Web page caption snippets:
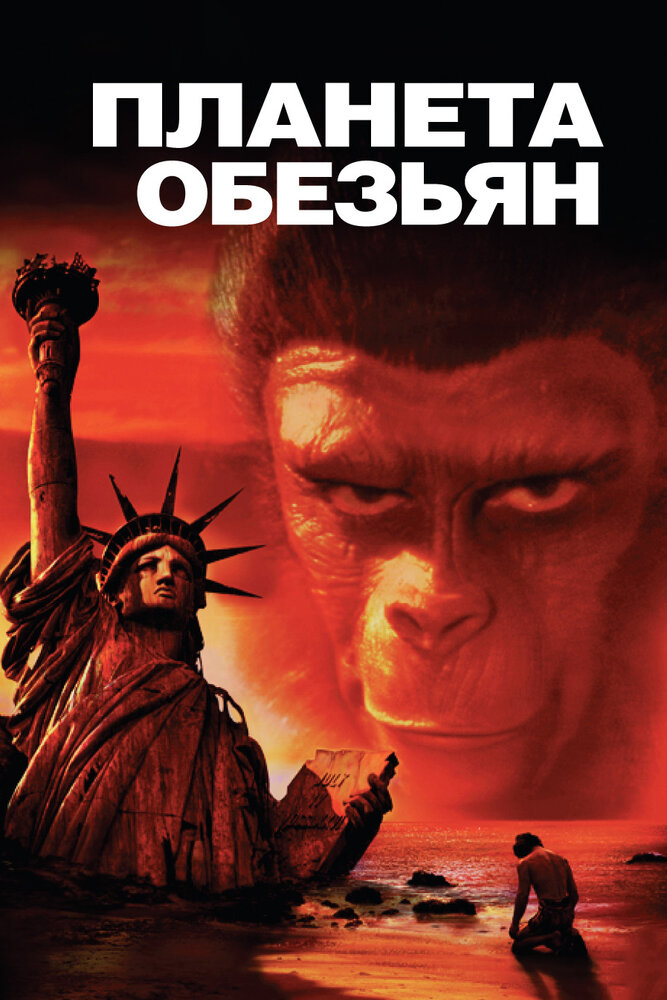 Планета обезьян (1967)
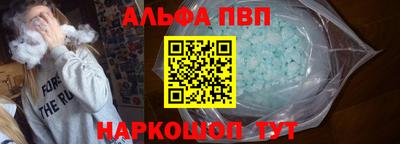меф Рязань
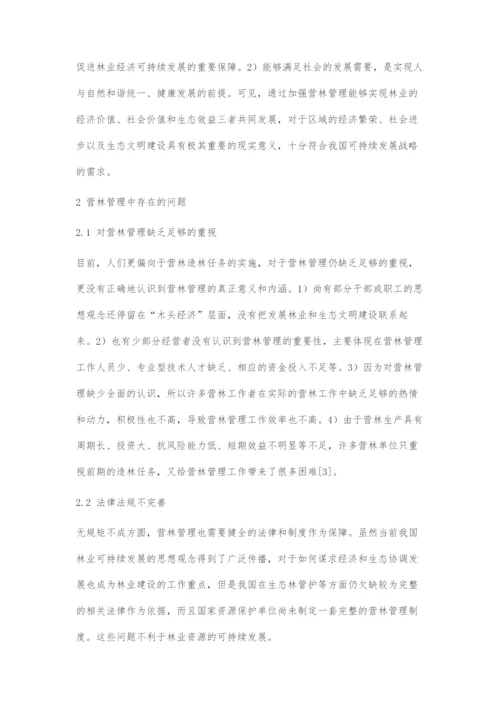 促进林业可持续发展的营林管理措施.docx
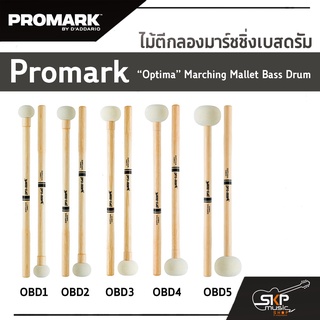 ไม้ตีกลองมาร์ชชิ่งเบสดรัม Promark “Optima” Marching Mallet Bass Drum  OBD1 OBD2 OBD3 OBD4 OBD5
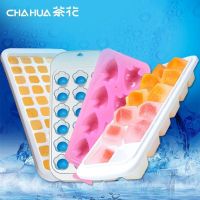 茶花 冰块模具 2784 1cm 塑料 蓝色(个)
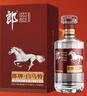郎酒 郎牌特曲白馬特 兼香型白酒 50度 500mL*1瓶 單瓶裝 曬單實(shí)拍圖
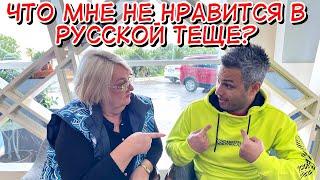 ЧТО МНЕ НЕ НРАВИТСЯ В РУССКОЙ ТЕЩЕ?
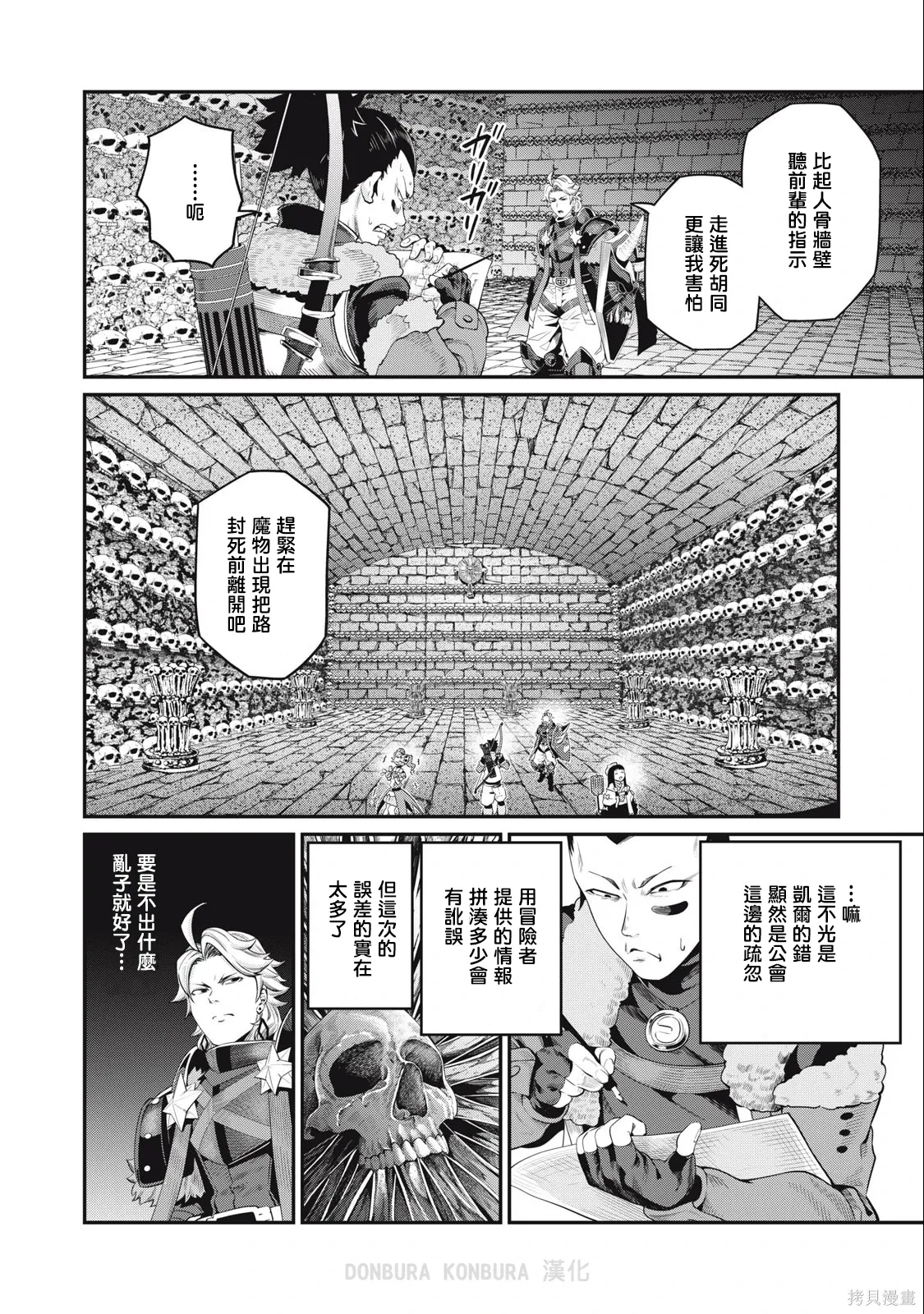 第52话 第14页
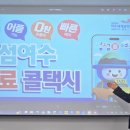 여수시교통약자이동지원센터 이미지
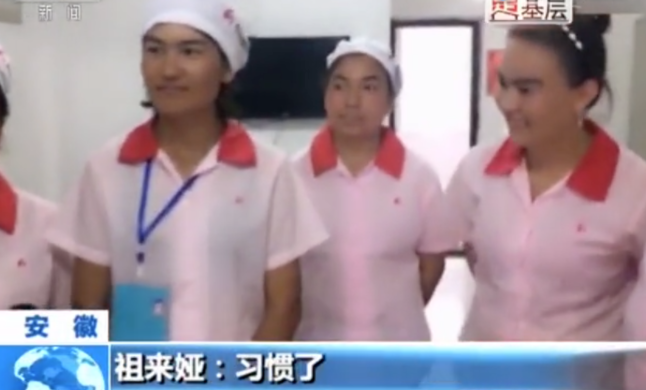 bbc新疆纪录片事件始末 BBC抹黑皮山姑娘要远行道歉了并保证"绝不再犯"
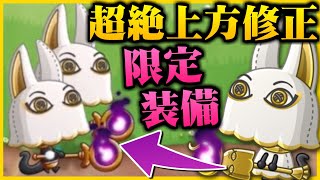 【ぶっ壊れ化】超絶上方修正されたメジェド装備のアヌビスゲットしたから【城ドラ実況】【うさごん】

#### Problem requirements
Give all the lines above again, character for character, without pictures.

#### Worked solution
 Планета обезьян (1967)
меф Рязань
 促进林业可持续发展的营林管理措施.docx
 ไม้ตีกลองมาร์ชชิ่งเบสดรัม Promark “Optima” Marching Mallet Bass Drum  OBD1 OBD2 OBD3 OBD4 OBD5
 茶花 冰块模具 2784 1cm 塑料 蓝色(个)
郎酒 郎牌特曲白馬特 兼香型白酒 50度 500mL*1瓶 單瓶裝 曬單實(shí)拍圖
 ЧТО МНЕ НЕ НРАВИТСЯ В РУССКОЙ ТЕЩЕ?
 第52话 第14页
 여수시교통약자이동지원센터 이미지
 bbc新疆纪录片事件始末 BBC抹黑皮山姑娘要远行道歉了并保证"绝不再犯"
 【ぶっ壊れ化】超絶上方修正されたメジェド装備のアヌビスゲットしたから【城ドラ実況】【うさごん】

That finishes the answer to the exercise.